__Task brief__.
Retype exactly every line from the one that includes "2025 Kitchen Trailer" through the final line of the listing, both ends kept, and omit the pictures.

__Raw data__.
=====
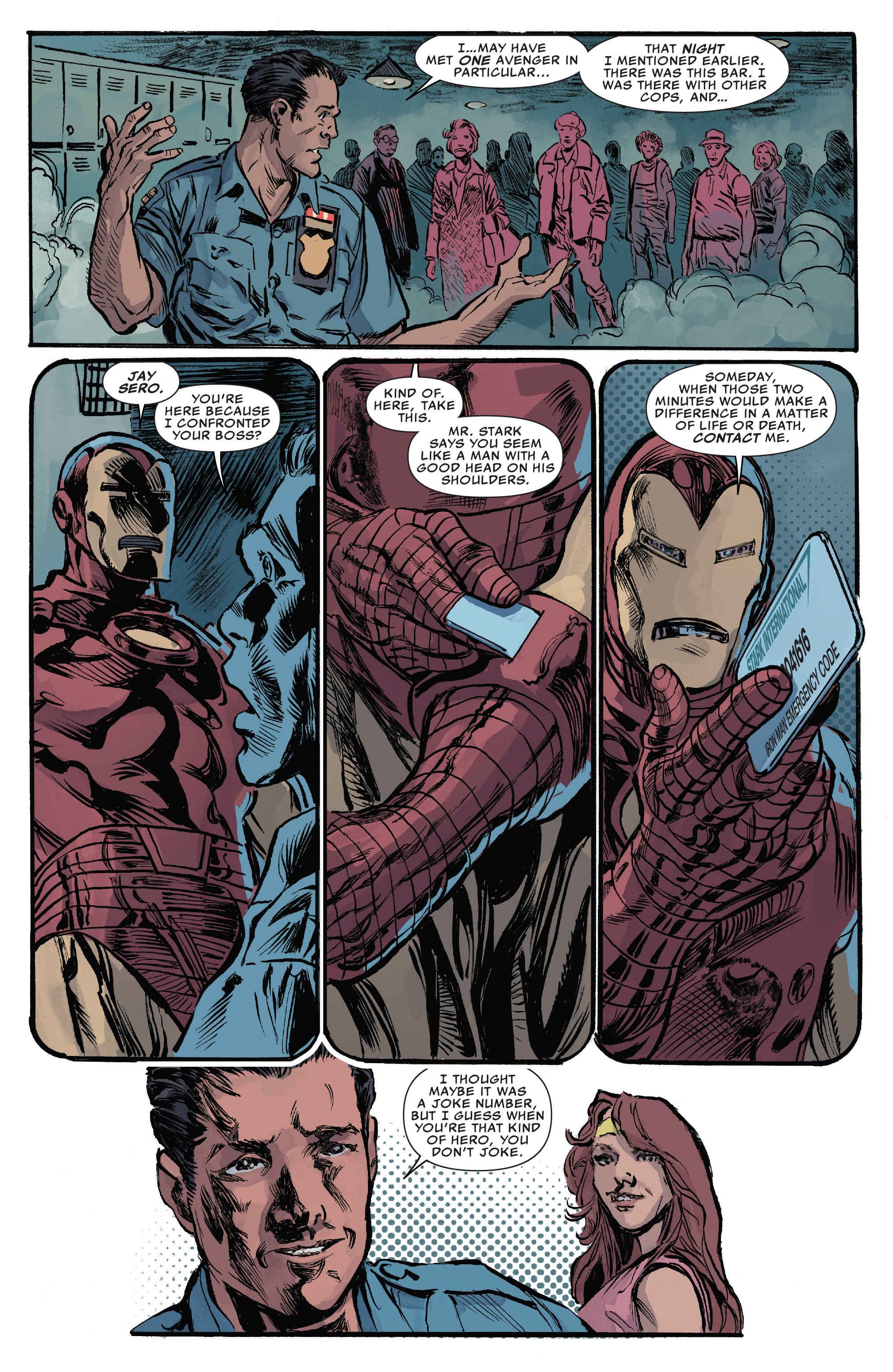 Read online Marvels Snapshot comic -  Issue # Avengers - 28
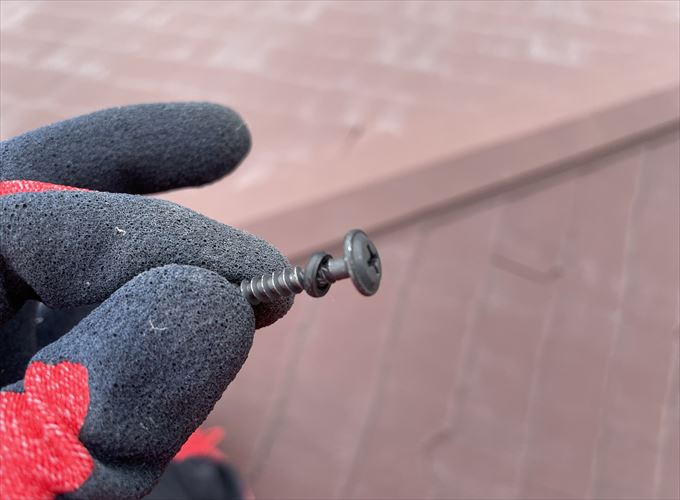 パッキン付きビス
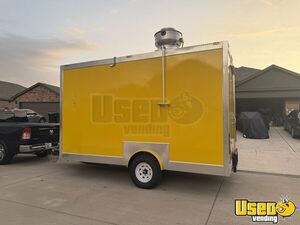 2025 Kitchen Trailer Kitchen Food Trailer Insulated Walls Texas for Sale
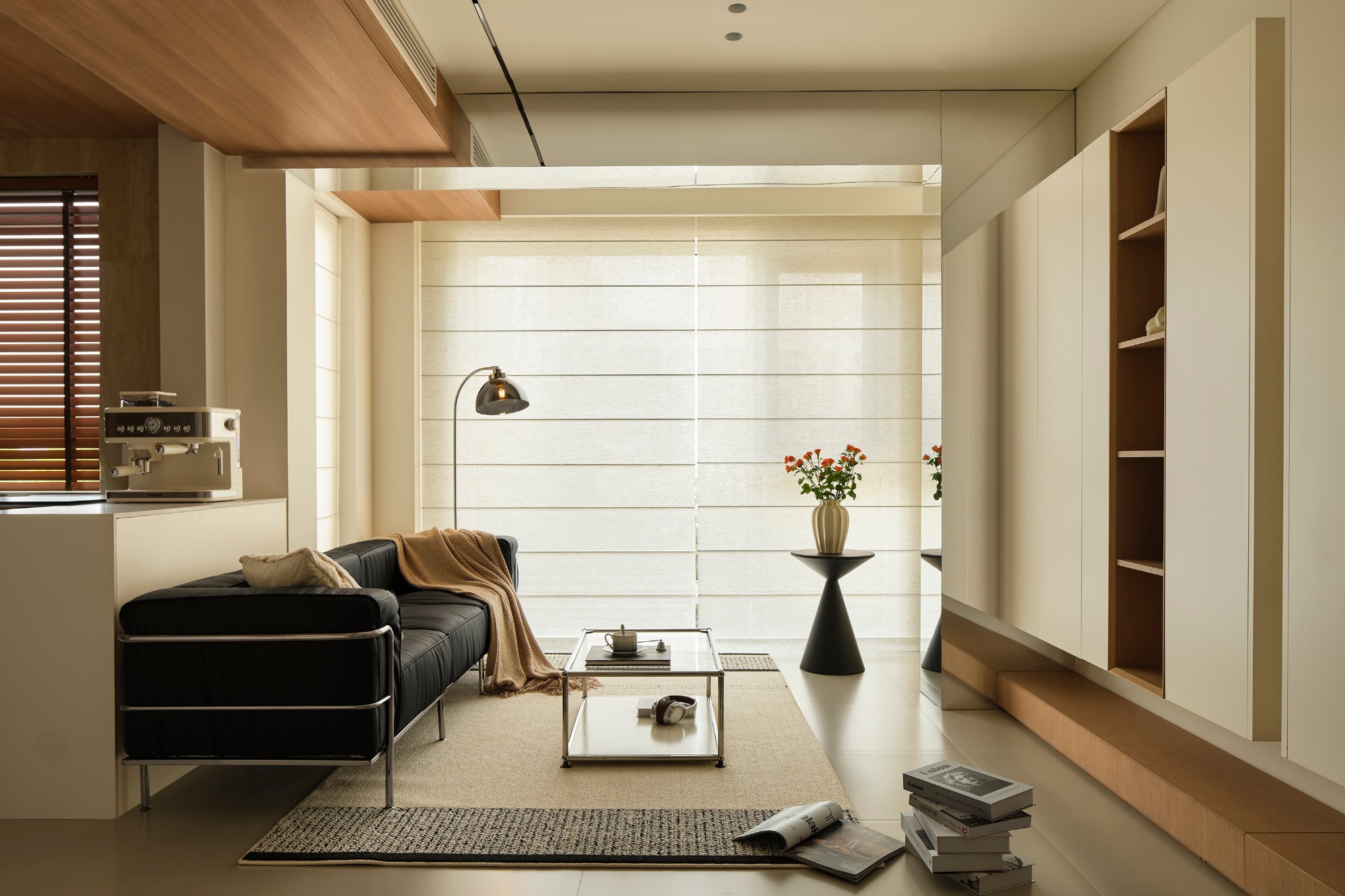 2025郑州设计周暨空间设计大赛优秀作品赏析丨最佳创意奖黄强勇：60平自然呼吸的都市栖居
=====
__Task answer__.
 2025 Kitchen Trailer Kitchen Food Trailer Insulated Walls Texas for Sale
 2025郑州设计周暨空间设计大赛优秀作品赏析丨最佳创意奖黄强勇：60平自然呼吸的都市栖居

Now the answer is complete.